■ **Records provided**

++++++++++++++++++++

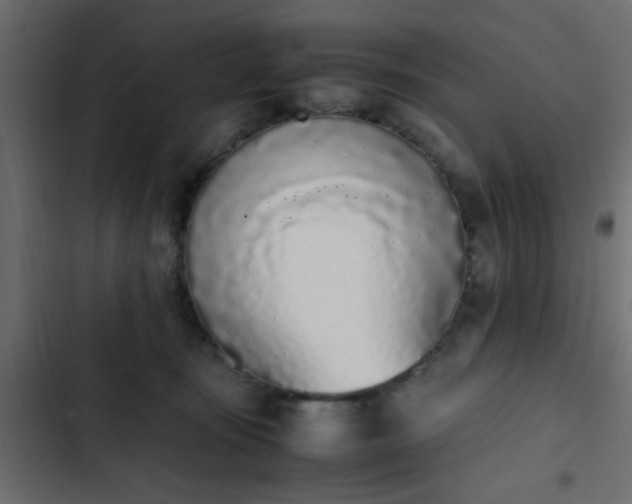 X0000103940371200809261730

++++++++++++++++++++

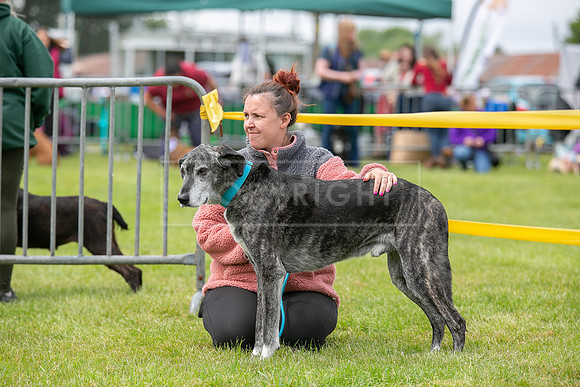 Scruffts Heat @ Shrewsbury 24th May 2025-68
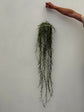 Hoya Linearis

++++++++++++++++++++

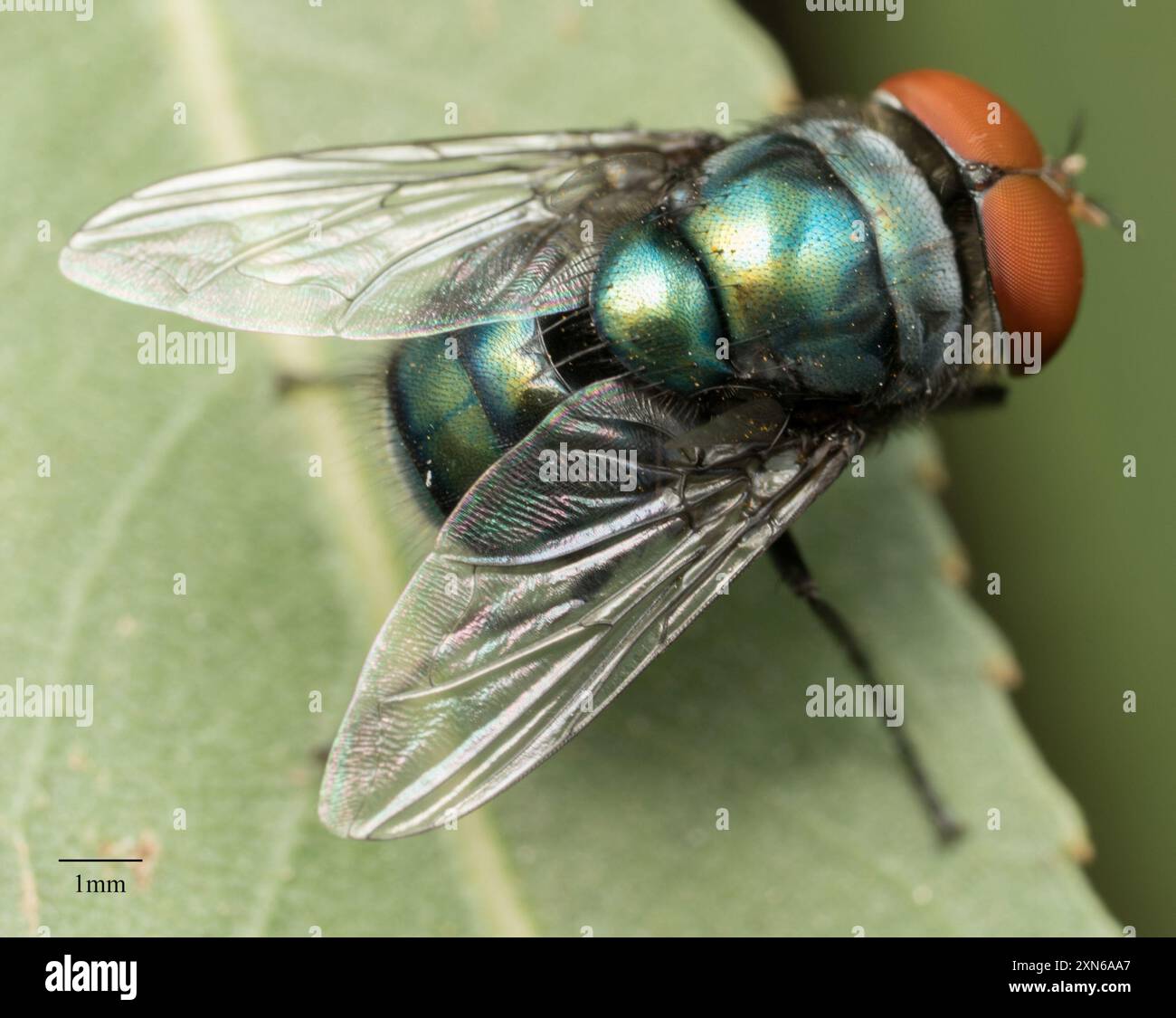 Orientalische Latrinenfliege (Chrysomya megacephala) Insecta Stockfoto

++++++++++++++++++++

In the listing above, find the line with "Scruffts Heat @ Shrewsbury 24th May 2025-68" and output every line through the one with "Hoya Linearis", exactly, without the pictures.

■ **Response area**
 Scruffts Heat @ Shrewsbury 24th May 2025-68
 Hoya Linearis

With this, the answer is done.